Task
An exact transcription of all the data is required, with every image removed.

Exercise data
+ + + + + + +

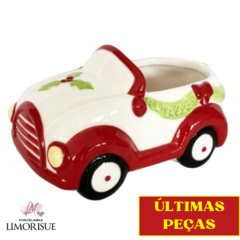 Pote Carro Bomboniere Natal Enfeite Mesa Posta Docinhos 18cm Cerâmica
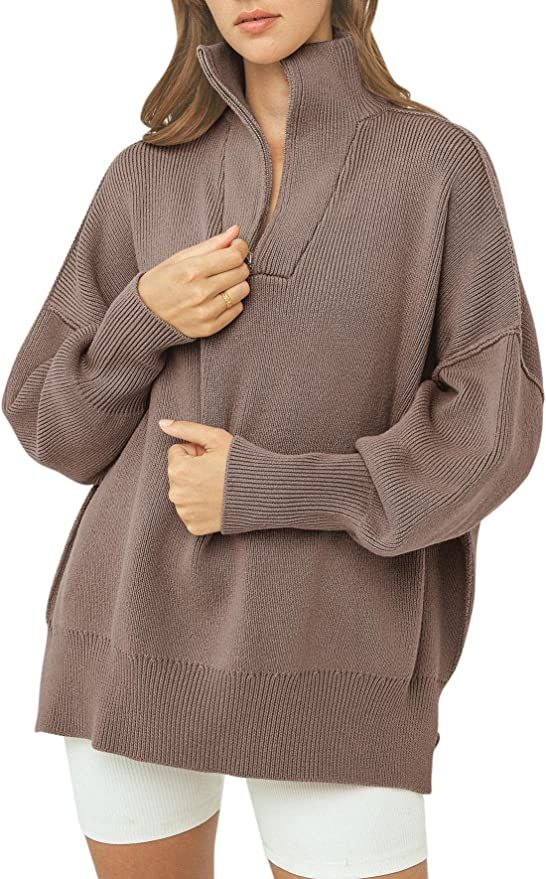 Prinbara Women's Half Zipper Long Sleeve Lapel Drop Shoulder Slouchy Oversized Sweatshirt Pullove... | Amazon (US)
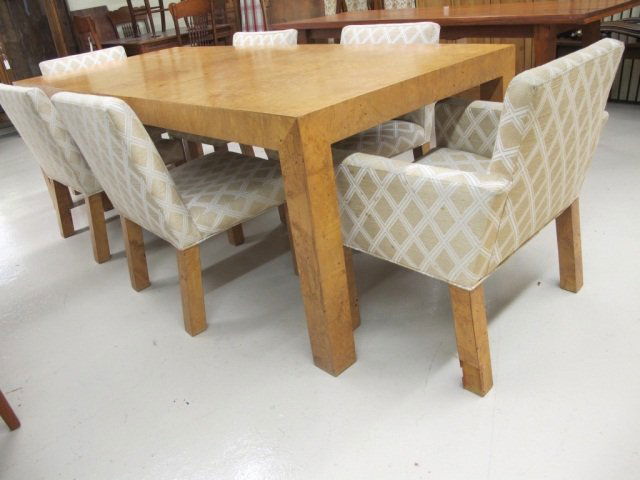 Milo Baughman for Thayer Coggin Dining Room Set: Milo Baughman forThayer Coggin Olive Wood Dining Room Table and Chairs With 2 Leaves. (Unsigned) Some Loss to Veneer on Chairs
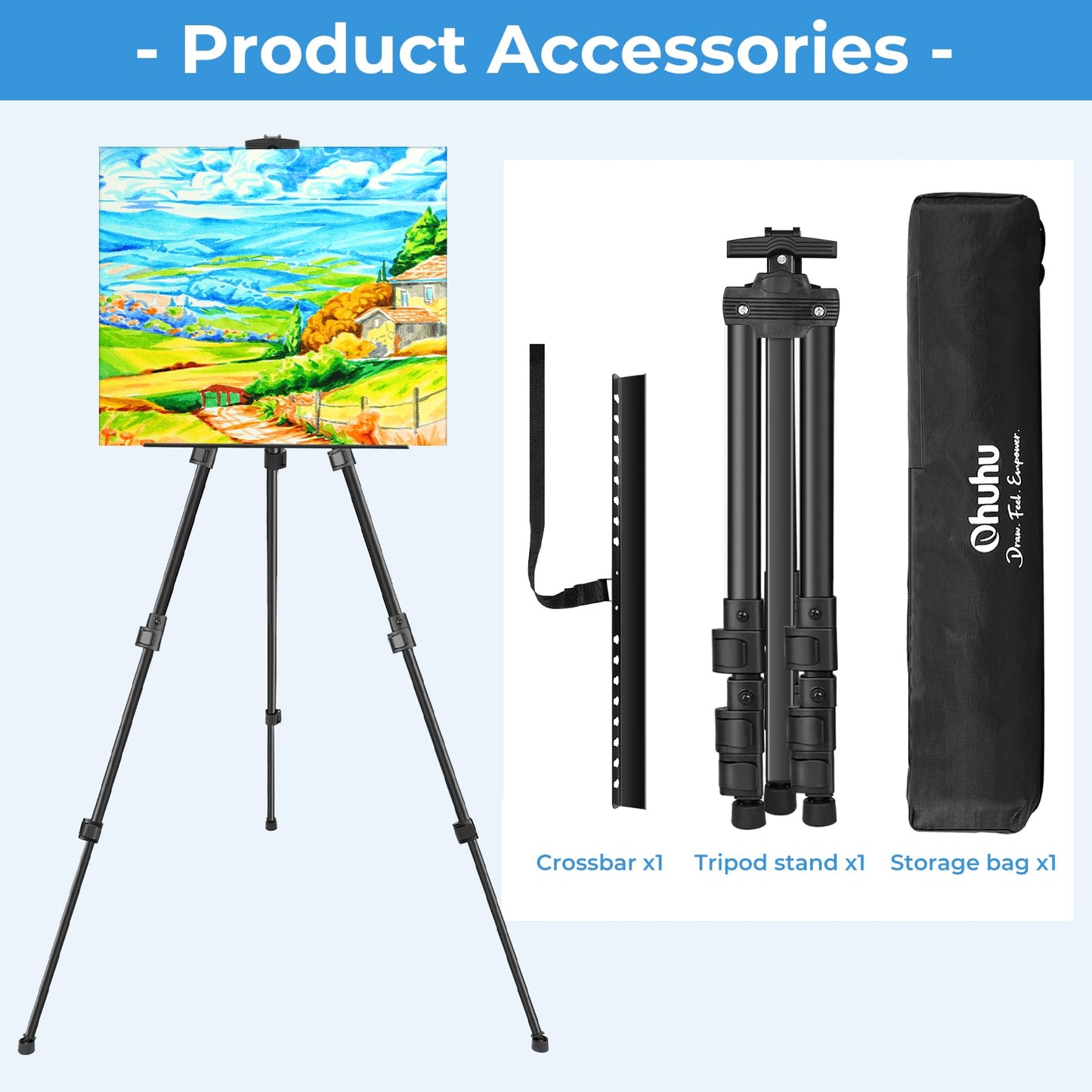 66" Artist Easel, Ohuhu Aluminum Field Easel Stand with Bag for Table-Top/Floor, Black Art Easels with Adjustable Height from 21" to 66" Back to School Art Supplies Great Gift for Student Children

+ + + + + + +

Response
 Pote Carro Bomboniere Natal Enfeite Mesa Posta Docinhos 18cm Cerâmica
 Prinbara Women's Half Zipper Long Sleeve Lapel Drop Shoulder Slouchy Oversized Sweatshirt Pullove... | Amazon (US)
 Milo Baughman for Thayer Coggin Dining Room Set: Milo Baughman forThayer Coggin Olive Wood Dining Room Table and Chairs With 2 Leaves. (Unsigned) Some Loss to Veneer on Chairs
 66" Artist Easel, Ohuhu Aluminum Field Easel Stand with Bag for Table-Top/Floor, Black Art Easels with Adjustable Height from 21" to 66" Back to School Art Supplies Great Gift for Student Children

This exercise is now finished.